Seitdem mein Vater und meine Schwester gestorben sind, habe ich keine Ambitionen mehr. Sie haben meinen Schminktisch in ihr Leichentuch gehüllt und behalten ihn. Ich weiß nicht einmal, ob jemals jemand eine Zeile von mir drucken wird. Ich bin nicht wie der Fuchs, dem die Früchte zu grün sind, als dass er sie essen könnte. Aber ich habe keinen Hunger mehr. Erfolg reizt mich nicht. Das, was mich in Versuchung führt, ist das, was ich mir selbst geben kann, meine eigene Zustimmung, und vielleicht werde ich am Ende darauf verzichten, so wie ich auf die anderer hätte verzichten müssen. Deshalb schiebe ich dies alles auf Dich, auf Dich. Arbeiten Sie, meditieren Sie, meditieren Sie vor allem, verdichten Sie Ihre Gedanken, Sie wissen, dass schöne Fragmente nichts bewirken. Einheit, Einheit, alles ist da. Das Ganze fehlt heute jedem, ob alt oder jung. Tausend schöne Orte, nicht ein Werk. Straffen Sie Ihren Stil, machen Sie ihn weich wie Seide und stark wie Kettenhemd. Entschuldigung für diesen Rat, aber ich möchte Ihnen alles geben, was ich mir selbst wünsche. »

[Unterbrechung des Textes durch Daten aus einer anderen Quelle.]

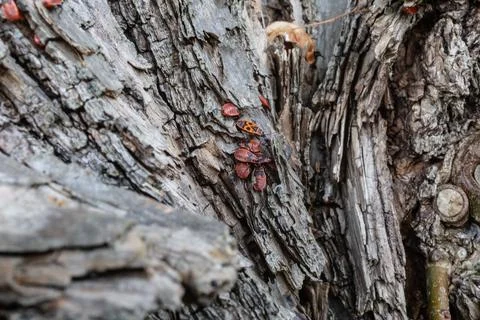 Mating fire bugs crawl across the tree Stock Photos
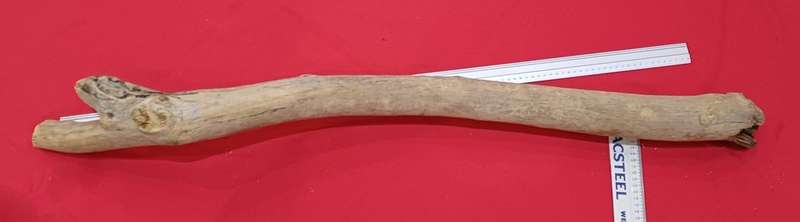 Large Piece of Driftwood  LOT 201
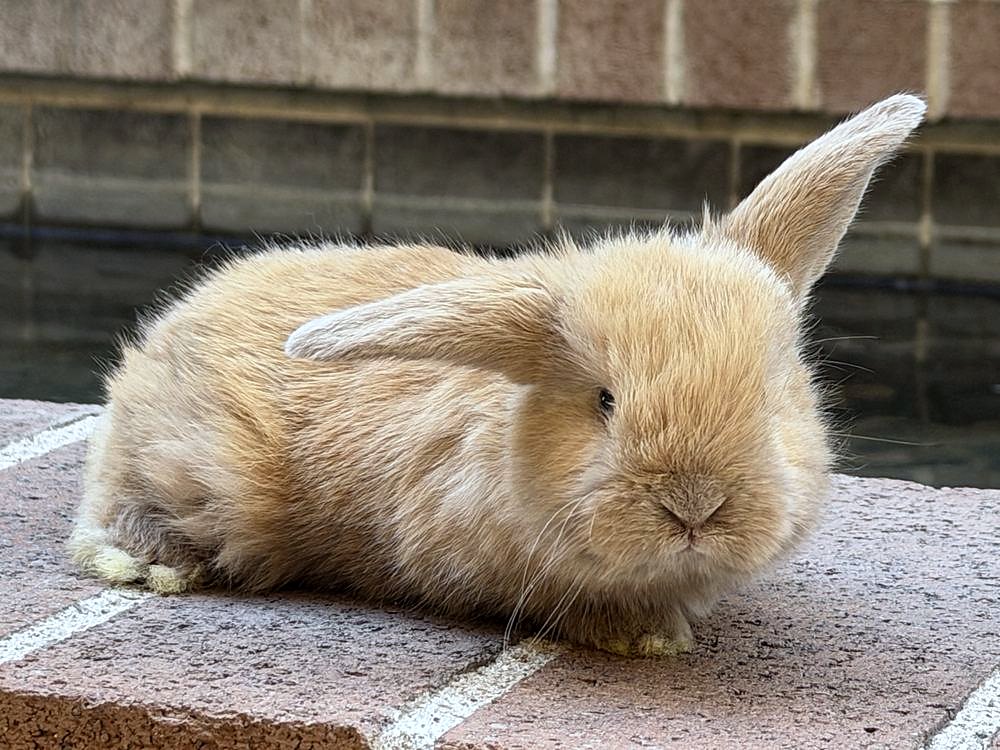 Butterscotch, a fawn Holland Lop cross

Er muss nach Rouen gehen, um dort den Winter bei seiner Mutter zu verbringen.

« Es regnet immer ; Das Wetter ist traurig, und ich? Ich arbeite im Moment ziemlich viel. Ich möchte einige Dinge zu Ende bringen, die mich langweilen und die ich trotzdem weiterführe, in der Hoffnung, später etwas daraus zu machen – im nächsten Frühjahr werde ich wieder mit dem Schreiben beginnen. Aber ich gehe immer wieder zurück. Ein zu behandelndes Thema ist für mich wie eine Frau, in die man verliebt ist – wenn sie im Begriff ist, einem nachzugeben, zittern wir und haben Angst, es ist eine wollüstige Angst. Wir wagen es nicht, sein Verlangen zu berühren.  »

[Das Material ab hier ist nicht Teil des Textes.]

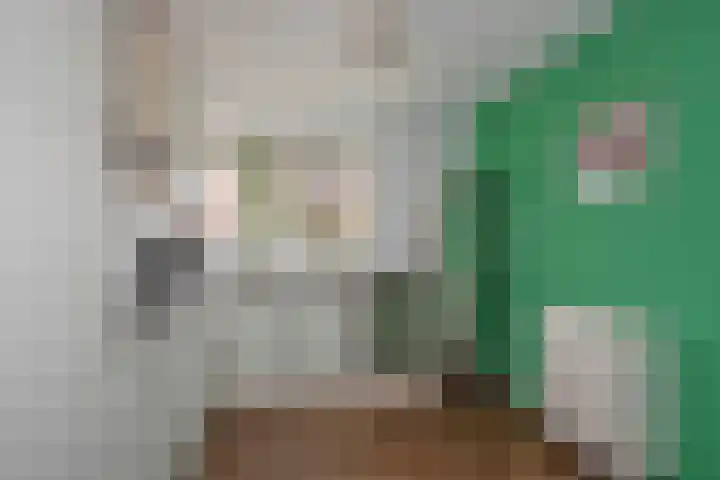 Wessex 32 Hengelo thumbnail 11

In Chateaubriand findet er eine Veranschaulichung seiner Gefühle:

« Heute Abend habe ich die Velléda-Folge von Martyrs . Was für eine schöne Sache! Was für eine Poesie! Aber wenn ich Eudore und du die Druidin gewesen wäre, hätte ich schneller nachgegeben. Ich kann nicht umhin, ein Gefühl bürgerlicher Empörung zu verspüren, wenn ich in Büchern Männer sehe, die sich Frauen widersetzen. Wir denken immer, dass es der Autor ist, der über sich selbst spricht, und wir finden das unverschämt, weil es vielleicht doch falsch ist.  »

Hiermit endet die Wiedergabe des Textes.